I've always been in love with the fantastic, and I've always preferred playing to working, so it's ridiculously easy to engage my imagination or otherwise immerse myself in something (a game, a book, a TV series) to keep from thinking about something unpleasant. In a lot of ways, I detach from myself and enter the world of the show, like the geekiest out of body experience ever.
It's much more difficult to do with physical pain, of course. I can't enjoy doing much of anything with a headache -- the constant physical reminder of "Hey, this hurts" makes it hard for me to detach from myself -- but if the pain is emotional, I can block it out with escapism. I'm the one who hurts, you see, so if I stop being me, I stop hurting.
In related news, I've been watching a lot of television. I thought Archer was pretty terrible for most of season 1, but by season 2 either the Stockholm Syndrome had fully kicked in or the writing had become a lot better, the jokes funnier and the characters less annoying.
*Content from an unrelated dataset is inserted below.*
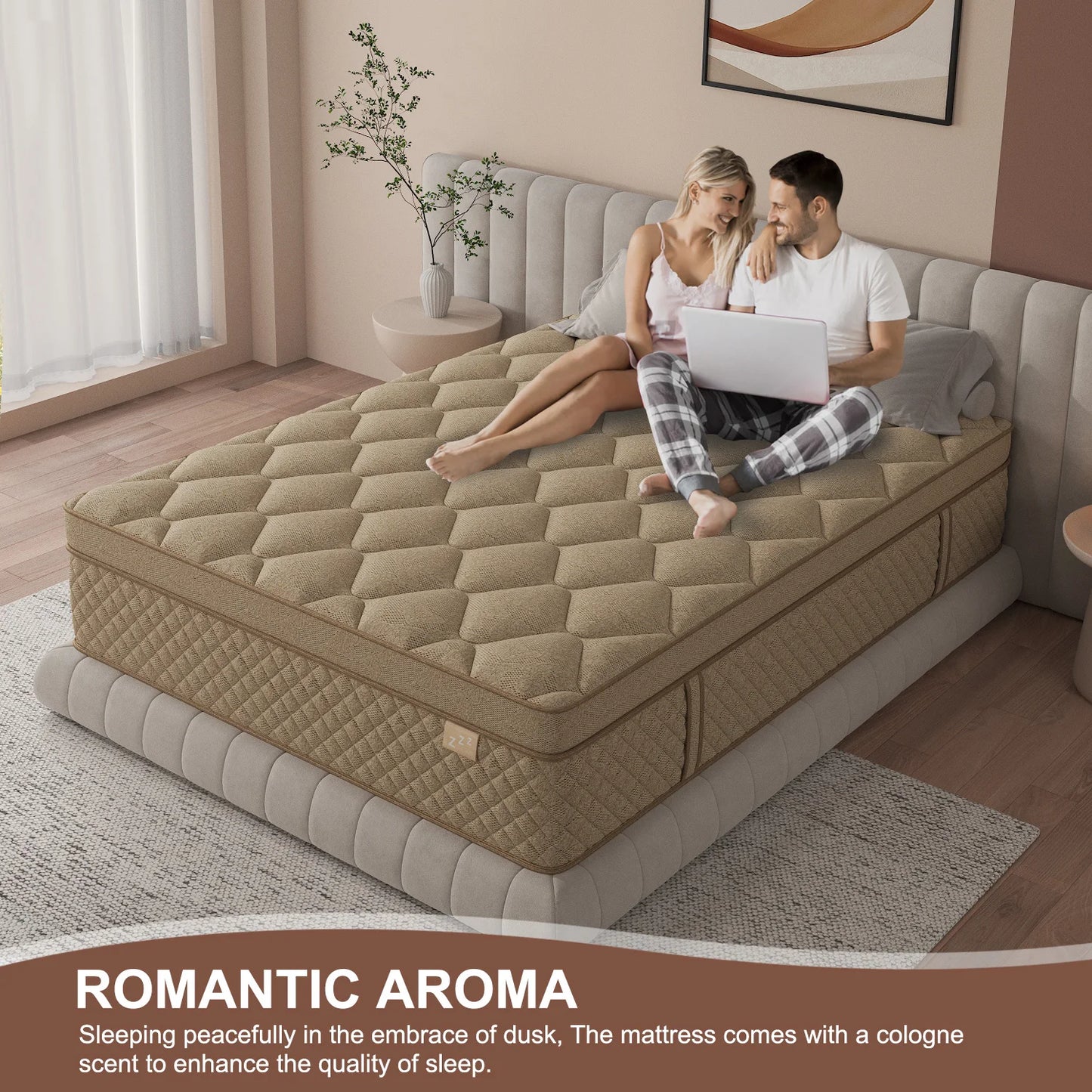 12"/14" Gel Memory Foam Hybrid Pocket Spring Mattress In A Box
As for the rest of me, the swelling is starting to lessen down, especially on the less-injured part of my face. I can now open my mouth half an inch, rather than a quarter, which makes eating and drinking much less onerous. Mind you, chewing is still a lot of work, because I can only chew with one side of my mouth and even then can't move my teeth very far, but I can at least get larger morsels of food past my lips and fuck me running that is a quality of life improvement. Think about that for a moment: I'm just grateful I can eat my mush from a grown-up size spoon.